Authors:	Adam Westerski
Contributors:	See acknowledgements

This work is licensed under a Creative Commons Attribution License. This copyright applies to the Marl Ontology Specification and accompanying documentation in RDF. This ontology uses W3C's RDF technology, an open Web standard that can be freely used by anyone.

Abstract

Marl is a standardised data schema (also referred as "ontology" or "vocabulary") designed to annotate and describe subjective opinions expressed on the web or in particular Information Systems. The following document contains results of data mapping experiments where we try to describe various datasets or output of services with Marl ontology. For the description of ontology and instructions how to connect it with descriptions of other resources see Ontology Specification.

Introduction
Research Datasets
Online Opinion Analysis Services
Summary and Comparison

1 Introduction

The following document gathers the data results of various experiments done with Marl Ontology. It’s goal it to test the coverage of Marl properties for different datasets constructed independently of the Marl project.

The analysis is split into two parts. Each of the sections presents a list of sources and Marl mappings for them, along with some coverage statistics.
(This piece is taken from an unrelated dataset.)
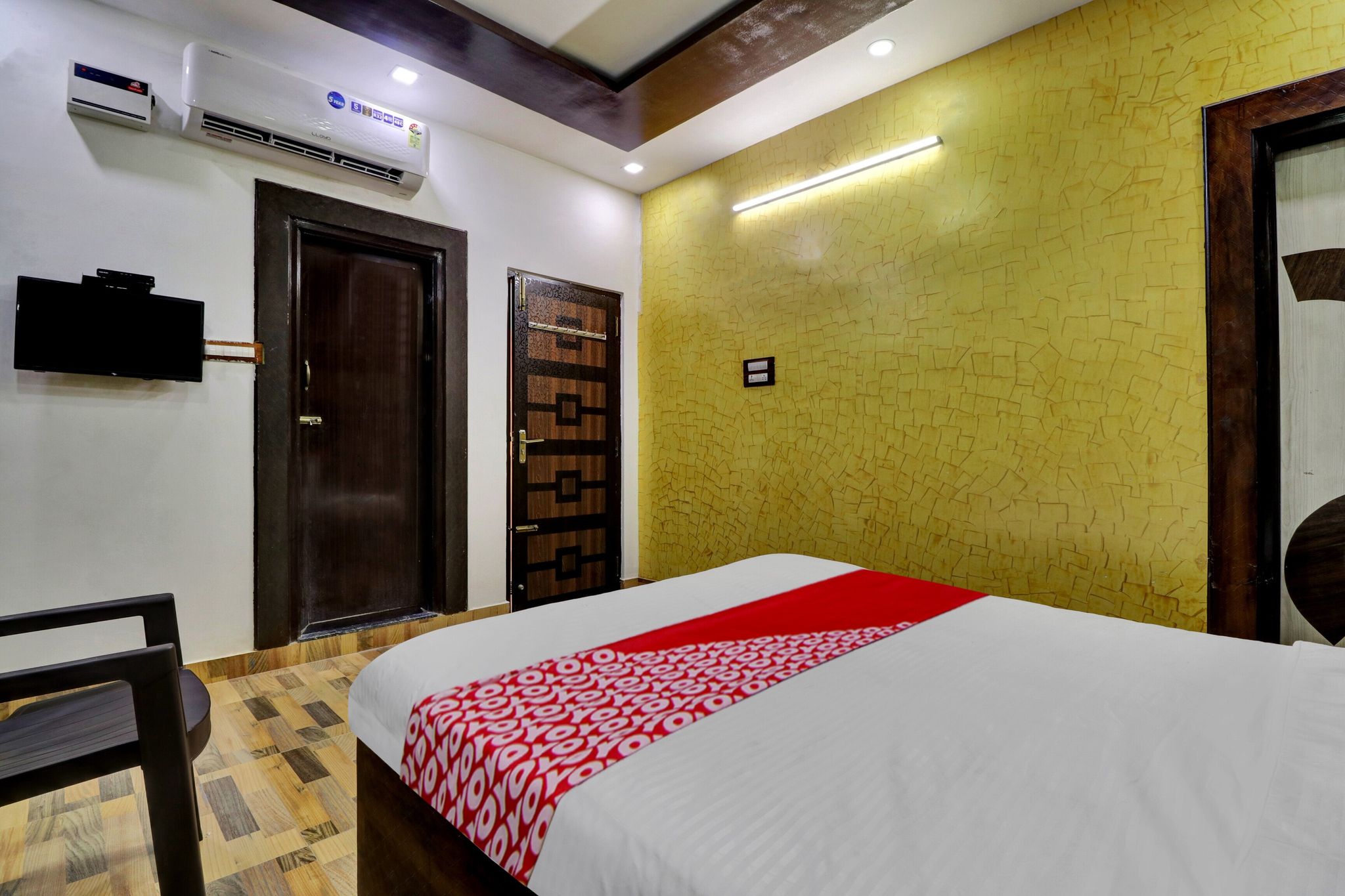Hotel O by OYO SESHADRI HOMESTAY Classic 21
Section two describes usage of the ontology to produce mappings for various datasets published by researchers during their opinion mining algorithms study. The second part relates to the same effort but conducted in context of online services for end users that publish opinion mined data.

The choice of sources for datasets is based on state of the art knowledge of authors (in case of research datasets the list was partially created based on resources listed by Pang et al. [ref]).

An important note is that Marl ontology presented here is not a complete model to address the problem of describing and linking opinions online and inside information systems. It marly defines concepts that are not described yet by the means of other ontologies and provides the data attributes that enable to connect opinions with contextual information already defined in metadata created with other ontologies. For detailed instructions and recommendations how to fully model opinions and the results of opinion mining process refer to analysis done by Gi2MO project.

1.1 Opinions on the Web and the opinion mining process

With the birth of Web 2.0 users started to provide their input and create content on mass scape about their subjective opinions related to various topics (e.g. opinions about movies). While this kind of content can be very beneficial for many different uses (e.g. market analysis or predictions) it's accurate analysis and interpretation has not been fully harnessed yet. Information left by the users is often very disorganized and many portals that enable user input leave the user added information unmoderated.

Opinion mining (often referred as sentiment analysis) is one of the attempts bring order to those vast amounts of user generated content. The domain focuses to analyse textual content using special language processing tools and as output provides a quantified judgement of the sentiments contained in the text (e.g. if the text expresses a positive or negative opinion).

Due to the complexity of the problem and attempts to provide efficient and fast tools the area can be devided into three main research directions:

document wide sentiment analysis
sentence sentiment analysis
feature-based sentiment analysis

In relation to the World Wide Web, there is a number of common uses of opinion formalisation and analysis. Firstly, it can be applied on top of search engines to find the desired content and next run it through opinion analysis software to obtain desired statistics (e.g. Swotti). Secondly, such algorithms can used within dedicated systems that use the Web to connect to particular communities and gather their opinions on very specific topics (e.g. Internet shops or review websites).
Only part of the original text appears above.